← Back to team overview

maria-developers team mailing list archive

Re: a doubt about locks on supremum


Hi! I am very sorry for the very much delayed reply, but I
accidentally found this message today while looking for something

On Mon, May 29, 2017 at 11:08 AM, hongxiang jiang <jhx1008@xxxxxxxxx> wrote:
> hi everyone:
> I use sysbench to do some tests on MySQL 5.7.x,   my table like this:
> CREATE TABLE `sbtest1` (
>   `id` int(11) NOT NULL AUTO_INCREMENT,
>   `k` int(11) NOT NULL DEFAULT '0',
>   `c` char(120) NOT NULL DEFAULT '',
>   `pad` char(60) NOT NULL DEFAULT '',
>   PRIMARY KEY (`id`),
> ) ENGINE=InnoDB;
> secondary index is not neccessary,  I do not create it!!
> I have two sessions:
> session1: begin; select * from sbtest1 where id=123456 for update
> session2: insert into sbtest1 values(123450, 0,'aaa','bbb');
> the records in the table like below:
> (...),(123440, 264454, xxxxxx, xxxxx), (123456, 251028, xxxxx, xxxxxx),(....)
> in my opinion,  the record with the id=123456 existed, so  session1 add the X lock on this record,  session2 add the insert intention lock between(123440, 123456), these two lock are not conflicted.  session2 will not be blocked by session1.
> unfortunately, in my case,  session2 is blocked by session1, what happens?
> when session2 is blocked,  I do "select * from information_schema.INNODB_LOCKS" use another session, It shows :
> mysql> select * from information_schema.INNODB_LOCKS;
> +----------------+-------------+-----------+-----------+------------------+------------+------------+-----------+----------+------------------------+
> | lock_id        | lock_trx_id | lock_mode | lock_type | lock_table       | lock_index | lock_space | lock_page | lock_rec | lock_data              |
> +----------------+-------------+-----------+-----------+------------------+------------+------------+-----------+----------+------------------------+
> | 2388:29:2772:1 | 2388        | X         | RECORD    | `mydb`.`sbtest1` | PRIMARY    |         29 |      2772 |        1 | supremum pseudo-record |
> | 2387:29:2772:1 | 2387        | X         | RECORD    | `mydb`.`sbtest1` | PRIMARY    |         29 |      2772 |        1 | supremum pseudo-record |
> +----------------+-------------+-----------+-----------+------------------+------------+------------+-----------+----------+------------------------+
> the two sessions are locked on "supremum pseudo-record" in the same time.

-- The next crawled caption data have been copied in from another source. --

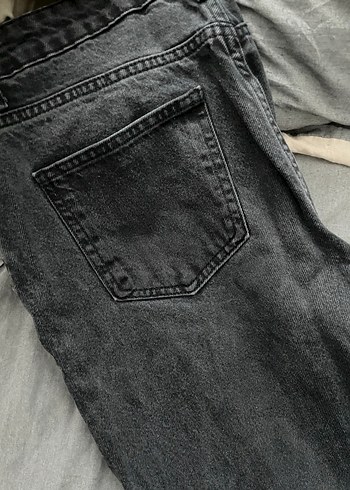 Gri Bol Kesim Midi Kot Pantolon - Görsel 2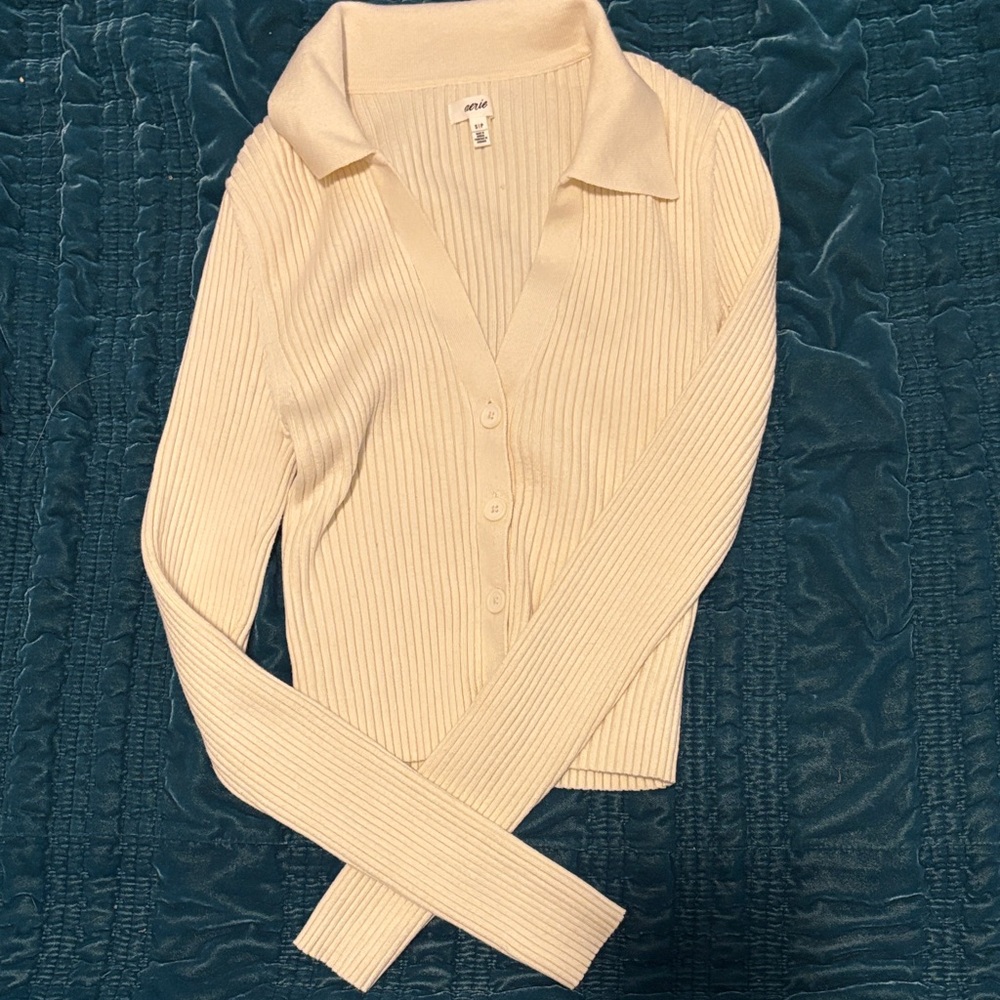 Aerie Cream Ribbed Knit Top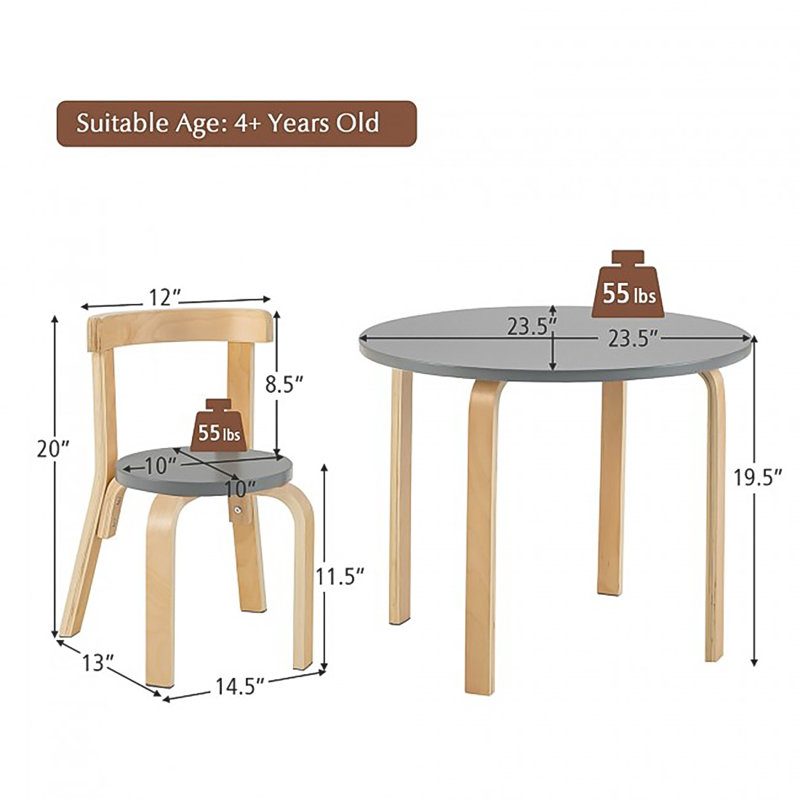 Usrey Kids 5 Piece Solid Wood Play Or Activity Table and Chair Set, Gray/Natural
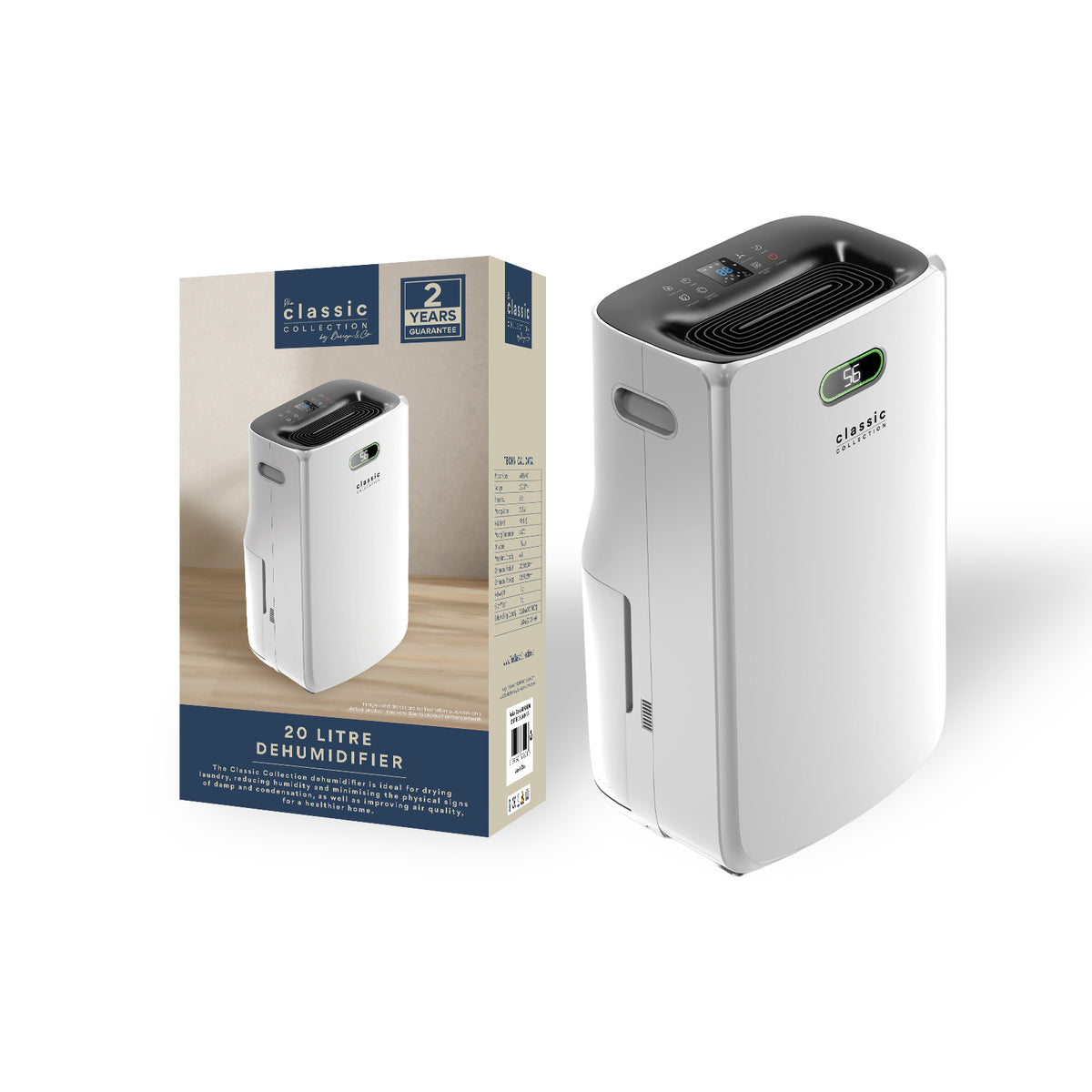20L Dehumidifier with Digital Humidity Display | ALLHEA1001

The INNODB_LOCKS does not appear to display the type of the record
lock in sufficient detail. I do not think that there ever can exist a
lock on a page supremum record itself. What can exist is a gap lock
that prevents any INSERT after the last record on the page. The
LOCK_MODE should really distinguish "record" and "record+gap" and
"gap-only" locks. I see that this information comes from
lock_get_mode_str(). It can return "X" or "X,GAP" but not "GAP" which
is a possible mode. Either way, the "X" output seems to indicate that
the lock on the page supremum is not a gap lock, but really locking
the pseudo-record.

I think that in your case, session1 only needs to one record lock,
because the WHERE condition is unique for the PRIMARY KEY. If the
record is found, then that single record should be locked (exclusively
because of the FOR UPDATE). Else, it should lock the gap that prevents
the record from being inserted. Say, if the surrounding records are
id=123440 and id=123460, then the gap lock should be attached to the
id=123460 record, and it would cover all keys between these records.
If id=123440 was the last record on the page, then the gap lock should
be acquired on the page supremum.

Side note 1: INNODB_LOCKS might only show conflicting locks.
Side note 2: INSERT normally uses 'implicit locks', that is, no lock_t
object is created. Only if some other transaction is trying to lock a
record while the INSERT transaction is still active, then that
transaction would convert the implicit lock to an explicit one on
behalf of the thread that ran the INSERT, and then create a wait lock
request object. Only after this point, INNODB_LOCKS would list the

> then I have debugged this instance(row0sel.cc::row_search_mvcc), I got that: when a record existed on the page for the first one, if you want to add the X Lock on it, the supremum of pre-page will be add X Lock(maybe next key lock, supremum can be add gap lock only) also.
> In my case, the records' primary key stored like this:
> (...,  123440, supremum), (infimum, 123456, ...), the id=123456 is the first record of that page, when add X Lock,  first, find the pre-record id=123440, and then add the X lock after this record until match the record witch id=123456, so the supremum is locked also..., because of this lock(supremum), session2 is blocked.  if id=123456 is not the first record of page,   session2 will not be blocked.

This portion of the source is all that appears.